Miriam Schapiro, The Beauty of Summer, 1973–74. Acrylic and fabric on canvas, 50 × 70 in. (127 × 177.8 cm). Collection of Beth Rudin DeWoody. © 2019 Miriam Schapiro / Artists Rights Society (ARS), New York
Pepón Osorio: My name is Pepón Osorio and I live in Philly—Philadelphia.
So, Angel: The Shoe Shiner was done in 1993. And what I was most concerned [about], at that time, was connecting with people in my vicinity near the place where I lived.
And, so, I came across this shoeshiner. His name was Angel and we had many, many conversations, which is basically part of my whole process of making work. My methodology is that I spent a lot of time talking. And then, after that, sort of metaphors come in, and then I translate them into three-dimensional pieces.

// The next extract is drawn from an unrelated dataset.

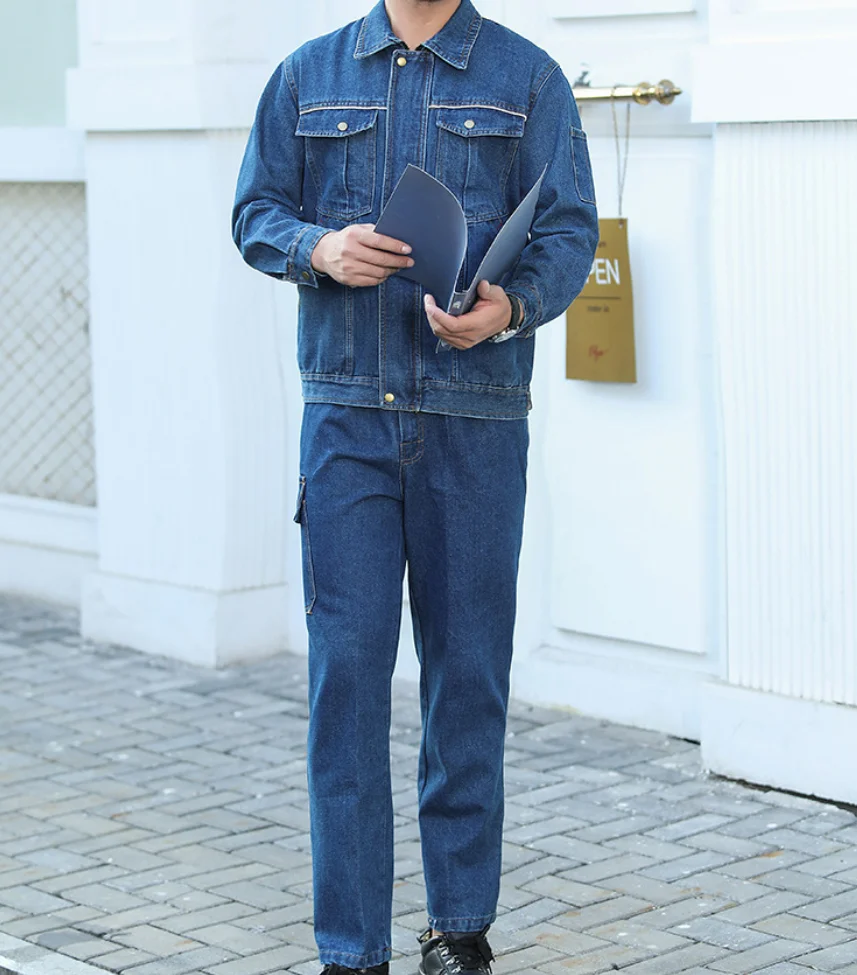 Universal Denim Suit For Men And Women Can Be Customized With Logo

And Angel had this relationship, which was very interesting, a co-relationship with power. He was always at the bottom of the client, and the client was always above him. I put him on the throne as a way of creating some sort of equity in that power relationship that is happening.
Narrator: In the video at the base of the throne, we see Angel using his spit to shine his client's shoes. For Osorio, this act also rebalanced the hierarchy of power. The throne is covered in materials that he thinks of as attributes of the shoeshiner.

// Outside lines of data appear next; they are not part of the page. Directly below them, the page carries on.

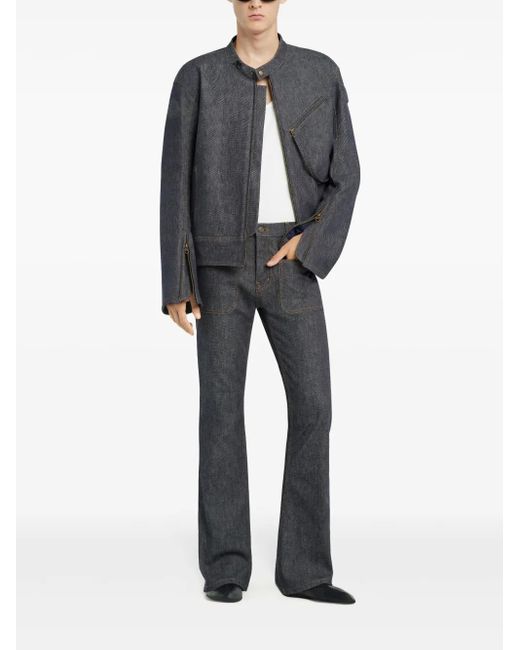 Courreges Black Denim Bomber Jacket for men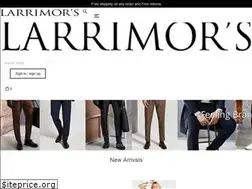 Sites similar to larrimors.com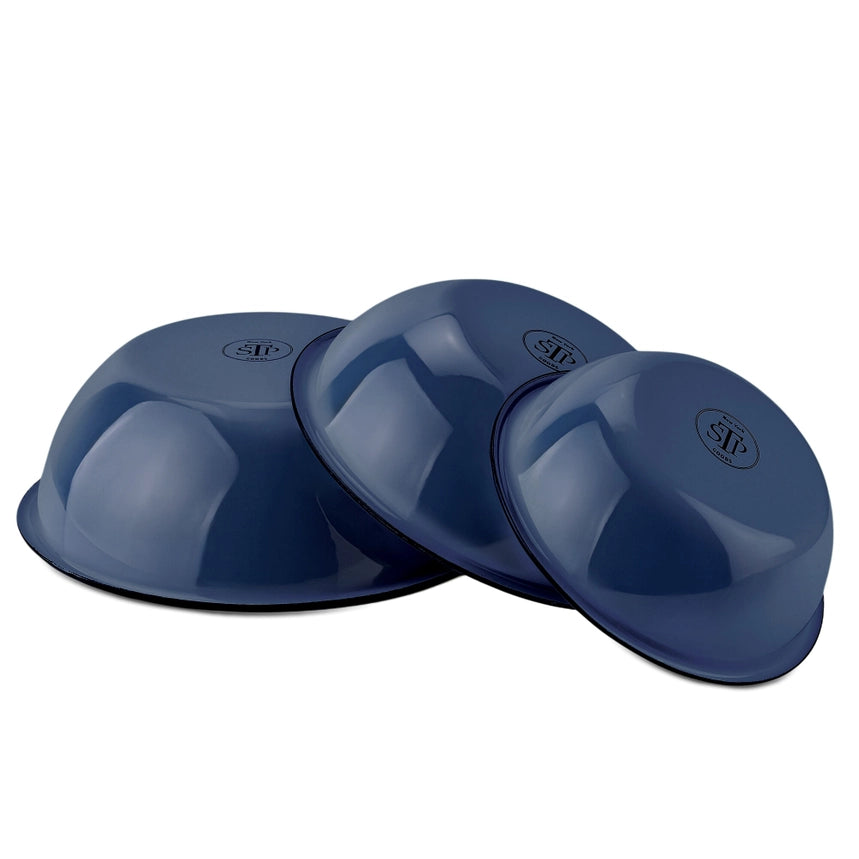 Valentine Navy Blue S/3 Enameled Bowl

Pepón Osorio: I gather a lot of the materials that encrusted the surface from the nearby novelty stores. Some of them are specifically for weddings and quinceañeras, which is the fifteen instead of sweet sixteens. Some of them, I got them at a 99-cent store.
Time, the clock is on the very, very top. And it's an element of time, and how he was running time because at the same time he was very scared that he would be thrown out—which, in fact, it happened—out of his business, because of the gentrification in the neighborhood.

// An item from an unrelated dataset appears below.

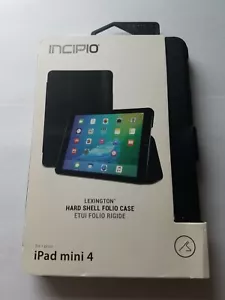 Incipio Lexington Hard Shell Folio Case for Apple iPad Mini 4 - Black - Picture 1 of 3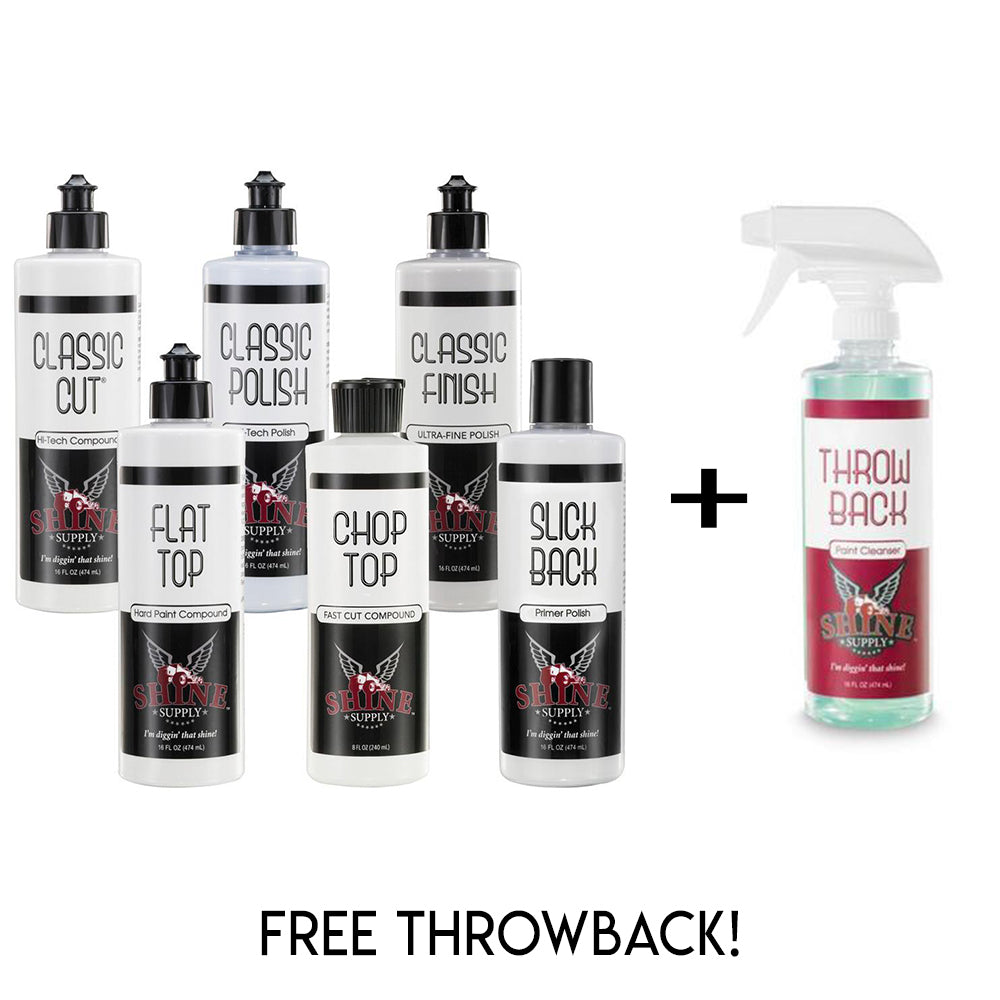 Shine Supply PRO Compound Kit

Pepón Osorio, Angel: The Shoe Shiner, 1993. Painted wood, rubber, fabric, glass, ceramic, shells, painted cast iron, two video monitors, two color videotapes, hand-tinted photographs, paper and mirror. Whitney Museum of American Art, New York; purchase with funds from the Painting and Sculpture Committee 93.100
Narrator: Mike Kelley’s work More Love Hours than Can Ever Be Repaid is made out of stuffed animals, afghans, and other craft objects.
Mike Kelley: They were all used items that I bought at thrift stores and yard sales. And they're all handmade objects. So they're not the kind of objects that would generally be sold—they’re the kind of objects that would be given away.
Narrator: The work’s surface is tightly packed with objects, suggesting an almost compulsive desire to fill the picture plane. Kelley was interested in the huge amount of time it took people to make all of these craft objects.
Mike Kelley: It had an accumulative effect. If you saw these things as representing love, then it was a massive amount of love. If you saw the things as being inducers of guilt or repayment, then it was more than you could ever pay back. So depending on your point of view, you either see it as super-lovable or super-creepy. And you know, so people tend to see it either way. Like, some people are really repulsed by it, and some people love it to death.
Narrator: Kelley paired this work with the piece on the floor, called Wages of Sin. Like More Love Hours than Can Ever Be Repaid, Wages of Sin is a massive accumulation of a material we don’t usually associate with high art—candle wax.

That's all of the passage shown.